We have holiday resorts, hotels and there's actually a luxury hotel interior that you can explore, from the rooms, to the parking lot, the lobby, indoor swimming pool and everything that's connected to the hotel. Then of course there's the city, part of which formed our E3 demo that includes some indoor areas like abandoned houses. You can enter the police station, you can enter the supermarket, the sewers... There are a huge amount of interiors to explore.

We also have several jungles where there's mercenaries living, dealing with drugs and they have boats, guns and so on. There's no tribal stuff in that jungle, as there's roads running through it, but there's another jungle where you'll find tribes who are cannibals. There's also a huge prison that's one of the game's big hubs and that's made up of indoor and outdoor areas. You'll also find some interior parts that are randomly-generated like a dungeon crawler.

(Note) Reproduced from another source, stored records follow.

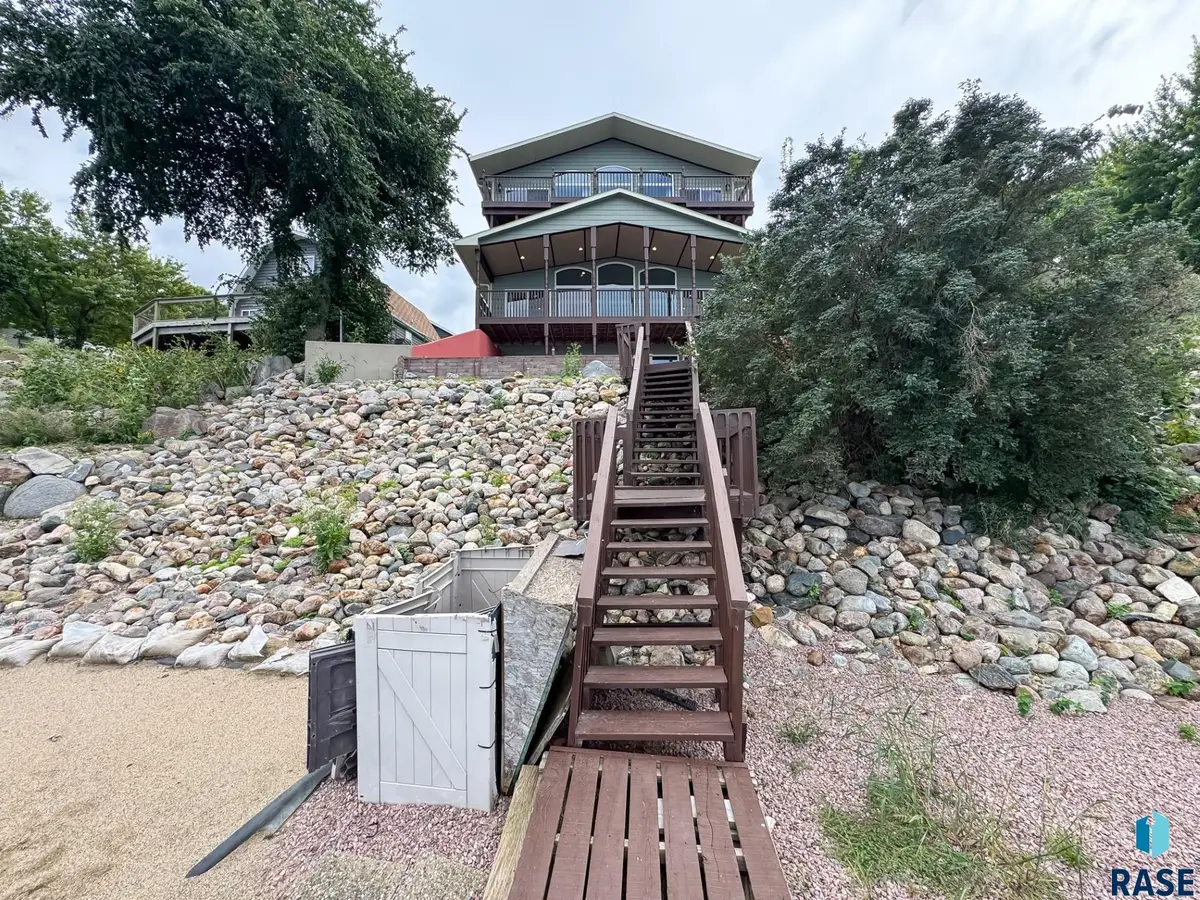 5361 S Shore Dr, Chester, SD 57016 - #1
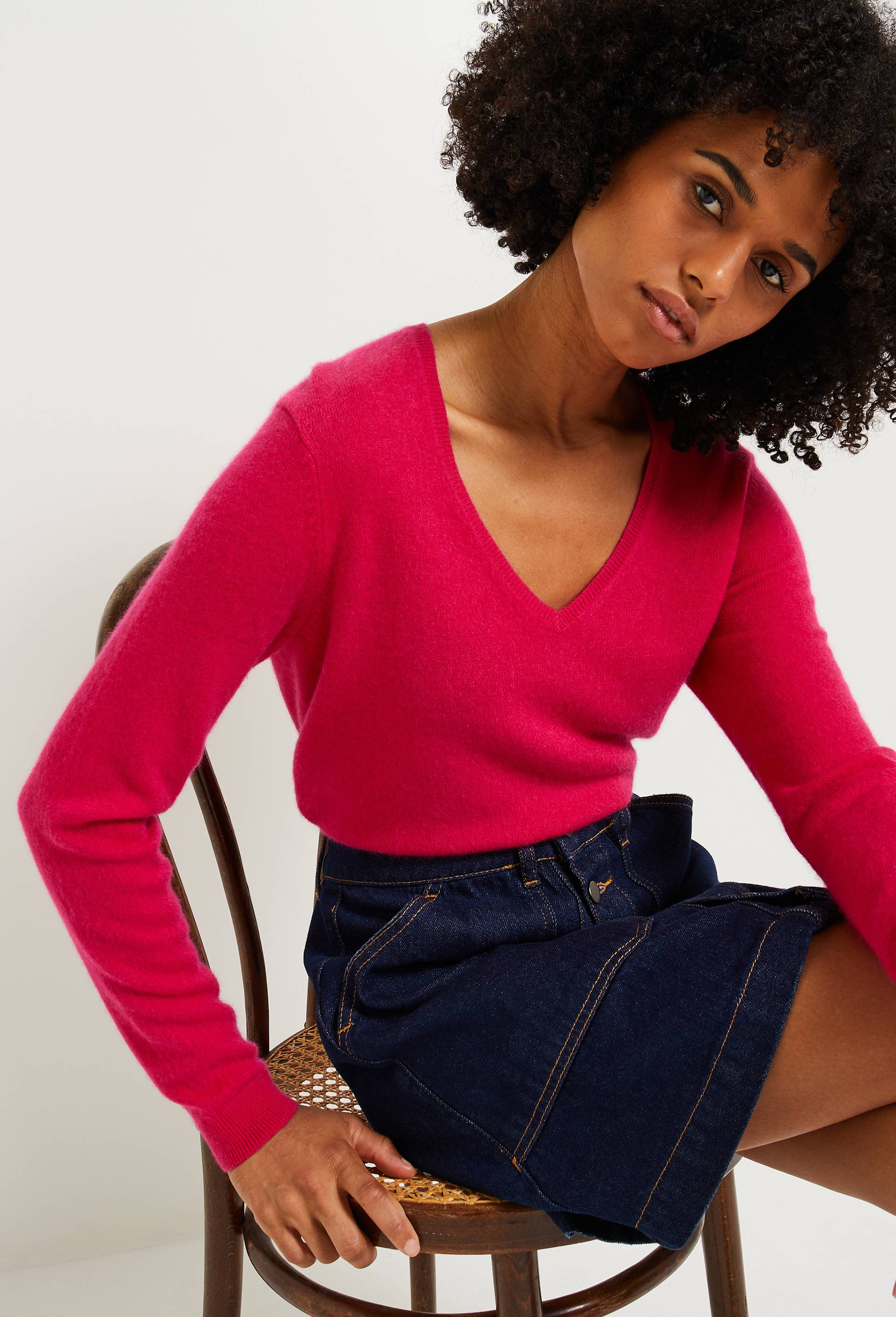 Pull uni col V en 100% cachemire, Rose fonc&eacute;, swatch image
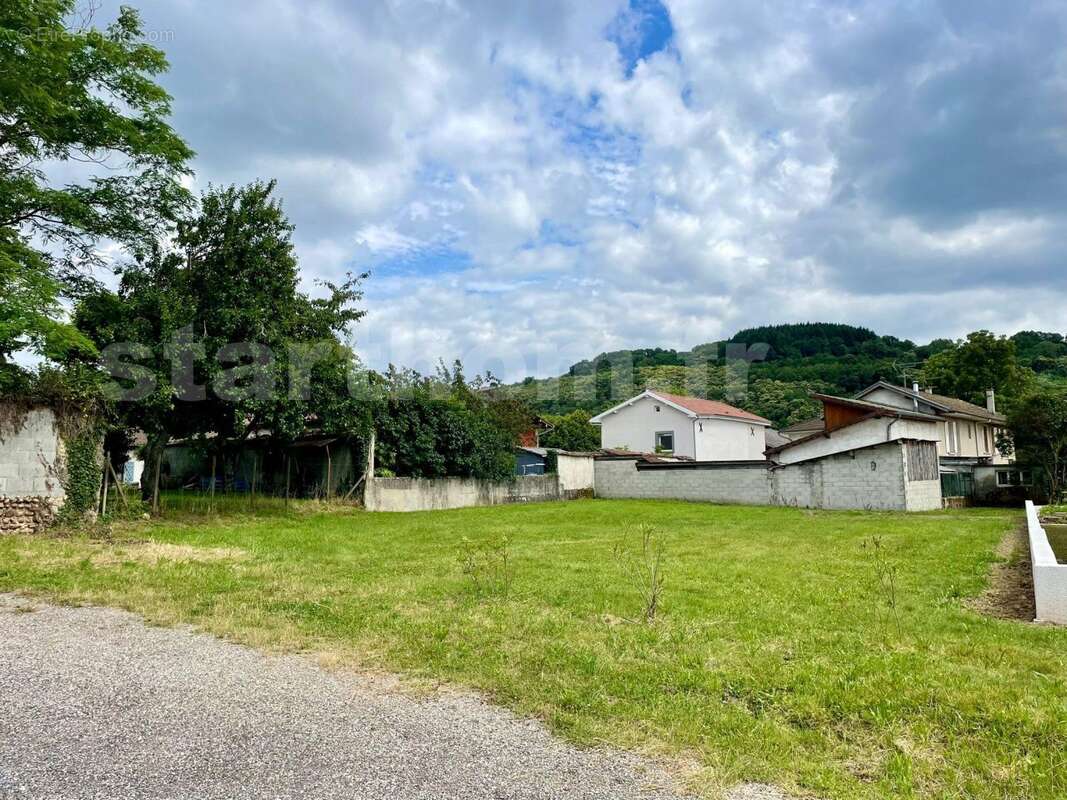 Terrain à SAINT-PIERRE-DE-BRESSIEUX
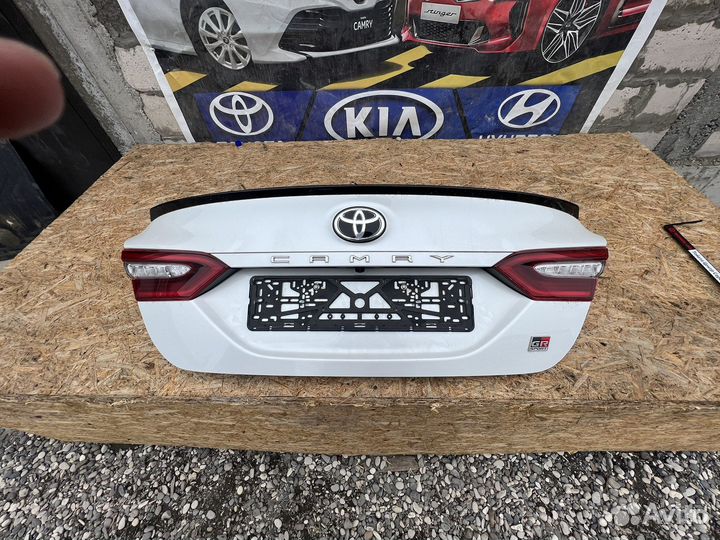 Крышка богажника Toyota camry v70 GR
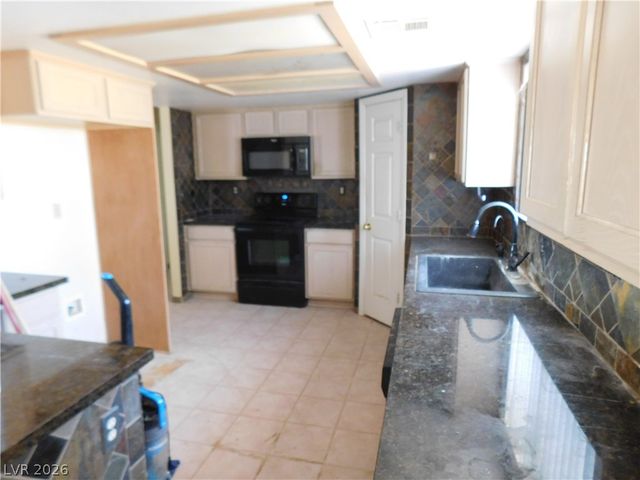 4760 East McGraw Road, Pahrump, NV 89061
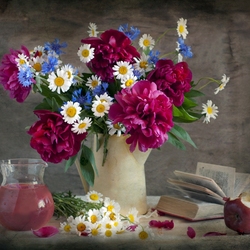 Jigsaw puzzle: Red peonies and daisies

For such a massive game world, was disc storage ever an issue?

Well it's all on one disc, but you're right, we did have a problem trying to pack it all onto one disc. We found a solution to get it all onto one disc and the great thing about Dead Island is that every part of the map is really varied and really different. Each section is almost like a new game in itself, offering a different experience. Eventually you'll come across all sorts of new enemies like the Suicider, the Ram, the Thug and so on. All of the zombies, even the standard walkers will also be levelling up like you, so if you're at a higher level, so are they. It's not just more health and different attacks either, as they'll have more advanced behaviour. Throw a weapon from distance and they might counter-attack. These zombies will surprise you!

Finally, what's your favourite zombie movie and why?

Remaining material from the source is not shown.